Orthodox Jews: girl risks being ‘ostracised’ for eating burgers
A court in London was told this week that a nine-year-old girl faces being ostracised by an ultra-Orthodox Jewish community after her mother allowed her to eat McDonald’s fast food and go to a mixed-sex gymnastics class.
According to the Telegraph, the girl’s father said that he feared his daughter would be shunned by relatives and friends.
Litigation began after the girl’s mother left her husband and moved away from an ultra-Orthodox sect in London after she became disillusioned and frustrated by the restrictions placed on her.
Sitting in the Family Court, Judge Laura Harris ruled that the girl should stay with her father but spend time with her mother.
But this did not satisfy the father who then complained about the lifestyle the girl led when with her mother, and objected to her being allowed to eat McDonald’s food and participate in a mixed-sex gymnastics.
He also complained that his estranged wife had driven with the girl on the Sabbath, and had “dressed inappropriately” when picking the youngster up from her ultra-Orthodox Jewish school.
Detail of the case emerged in a ruling by Judge Harris, who did not identify the family involved.
She said the girl’s mom had promised not to allow her daughter to eat meat in future, but objected to her daughter being made to leave the gymnastics class.
Judge Harris ruled the woman should not be forced to remove the girl from the class.
The case was instigated by the father, who had hired a private investigator to follow his estranged wife.
The judge noted that the man had “repeatedly emphasised” his fear that the girl would be ostracised from her community, and said she was “very mindful” of that risk.

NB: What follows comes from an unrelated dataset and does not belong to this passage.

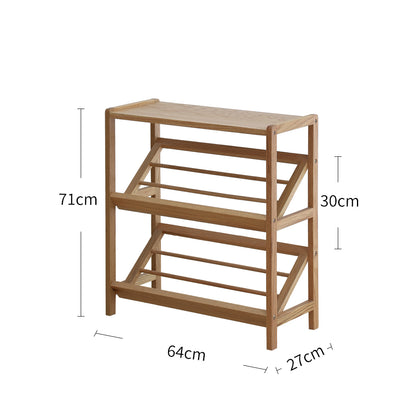 Slanted Wooden Shoe Rack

In November a ruling by another family court judge revealed that a Jewish man who left an ultra-orthodox community after splitting from his wife was accused of letting their two young children ride their bikes on the Sabbath and watch television.

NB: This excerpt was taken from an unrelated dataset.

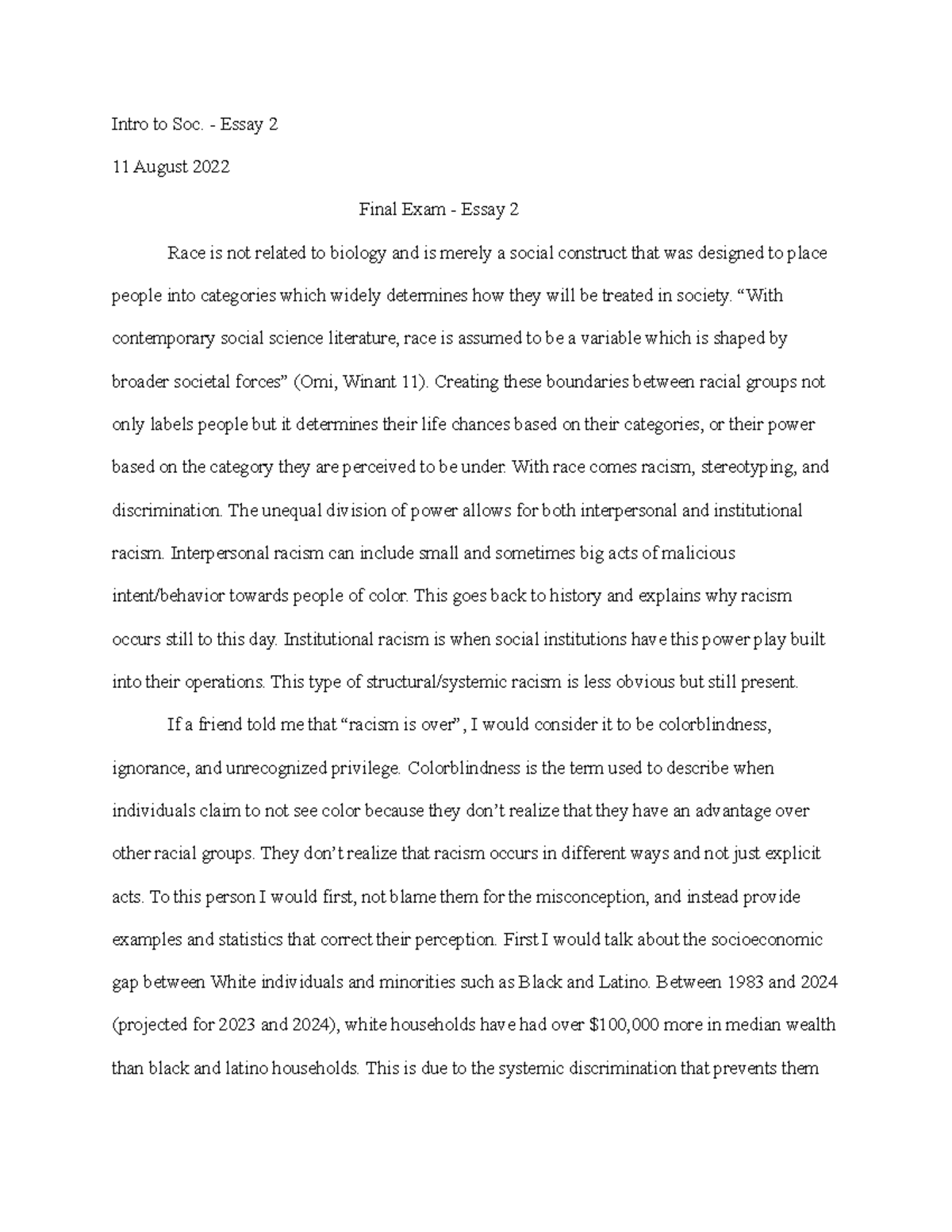 essay 2 social exam paper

The man’s estranged wife told Judge Judith Rowe of her concerns about what the children were allowed to do when they visited their father.

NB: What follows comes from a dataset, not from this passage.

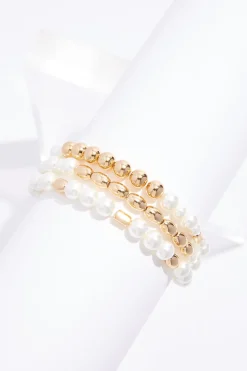 Gold Pearl Multi Row Bracelet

She said she was afraid of them being “exposed to an alien way of life” and of religious rules being broken.
The mother said the one of her children had been allowed to press a traffic light button on the Sabbath. The other had been “shown an electronic device”.
They had also had been allowed to eat non-kosher food, she said. The woman also accused her estranged husband of taking off his kippah on Sundays.
Judge Rowe said:
The whole family lived a Satmar ultra-Orthodox Jewish life until early 2013 when the father decided to leave the community … this was a seismic event for the family.